(Records to process)

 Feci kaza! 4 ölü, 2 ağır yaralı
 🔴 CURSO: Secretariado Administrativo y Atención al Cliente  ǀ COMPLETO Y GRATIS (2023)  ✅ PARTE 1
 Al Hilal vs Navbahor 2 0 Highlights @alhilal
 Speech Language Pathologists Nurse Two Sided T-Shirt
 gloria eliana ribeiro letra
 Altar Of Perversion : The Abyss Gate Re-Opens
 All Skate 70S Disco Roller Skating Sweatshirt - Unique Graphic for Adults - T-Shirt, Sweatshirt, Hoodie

(End Records to process)
(Records to process)

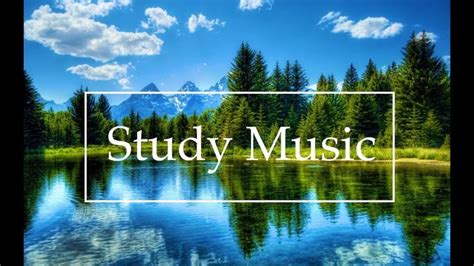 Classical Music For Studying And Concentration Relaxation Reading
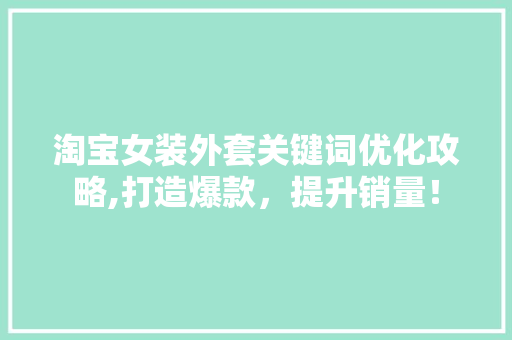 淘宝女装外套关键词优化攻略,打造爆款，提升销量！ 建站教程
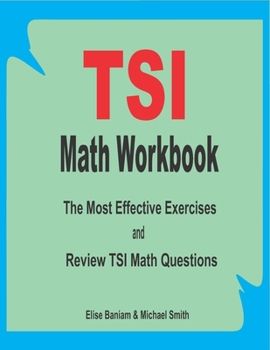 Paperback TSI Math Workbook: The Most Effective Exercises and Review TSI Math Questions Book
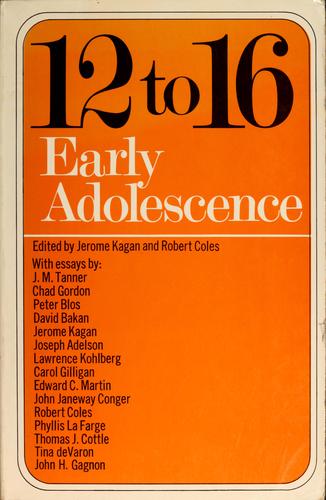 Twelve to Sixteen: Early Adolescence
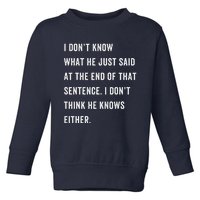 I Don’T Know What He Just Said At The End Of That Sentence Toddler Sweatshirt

(End Records to process)

Exercise instructions:
Above, find the line holding "Paperback TSI Math" and the line holding "I Don’T Know". Print exactly those two lines and every line between them, but no pictures.

Completed task:
 Paperback TSI Math Workbook: The Most Effective Exercises and Review TSI Math Questions Book
 Twelve to Sixteen: Early Adolescence
 I Don’T Know What He Just Said At The End Of That Sentence Toddler Sweatshirt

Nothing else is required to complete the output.